*TASK MATERIAL:*
⟨

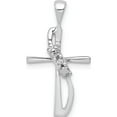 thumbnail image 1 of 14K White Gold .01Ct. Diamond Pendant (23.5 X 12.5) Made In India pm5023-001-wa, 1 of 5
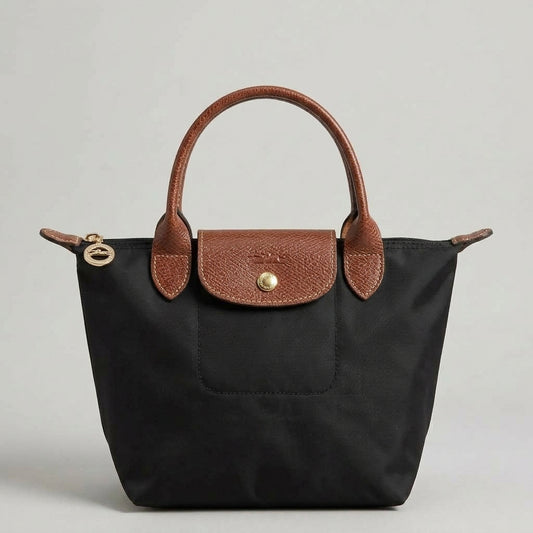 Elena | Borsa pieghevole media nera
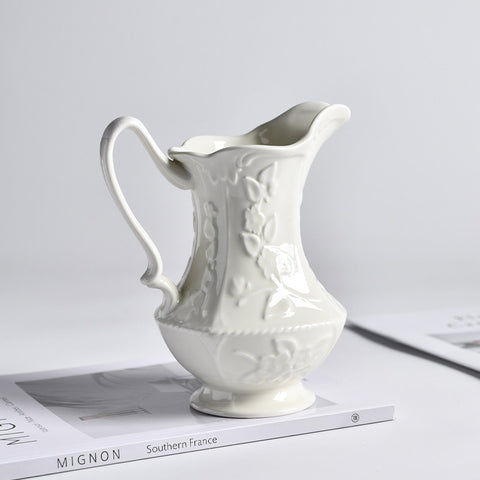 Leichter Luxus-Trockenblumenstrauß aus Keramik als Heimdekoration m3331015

⟩
⟨

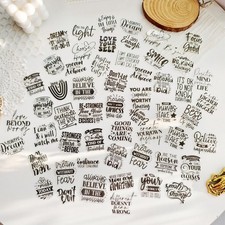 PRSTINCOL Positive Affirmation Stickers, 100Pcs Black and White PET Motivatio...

⟩

*PROBLEM DESCRIPTION:*
Reproduce, exactly and only, the lines of the records above starting at the line with "Elena | Borsa pieghevole media nera" and ending at the line with "Leichter Luxus-Trockenblumenstrauß aus", both included. Leave every picture out.

*ANSWER SPACE:*
 Elena | Borsa pieghevole media nera
 Leichter Luxus-Trockenblumenstrauß aus Keramik als Heimdekoration m3331015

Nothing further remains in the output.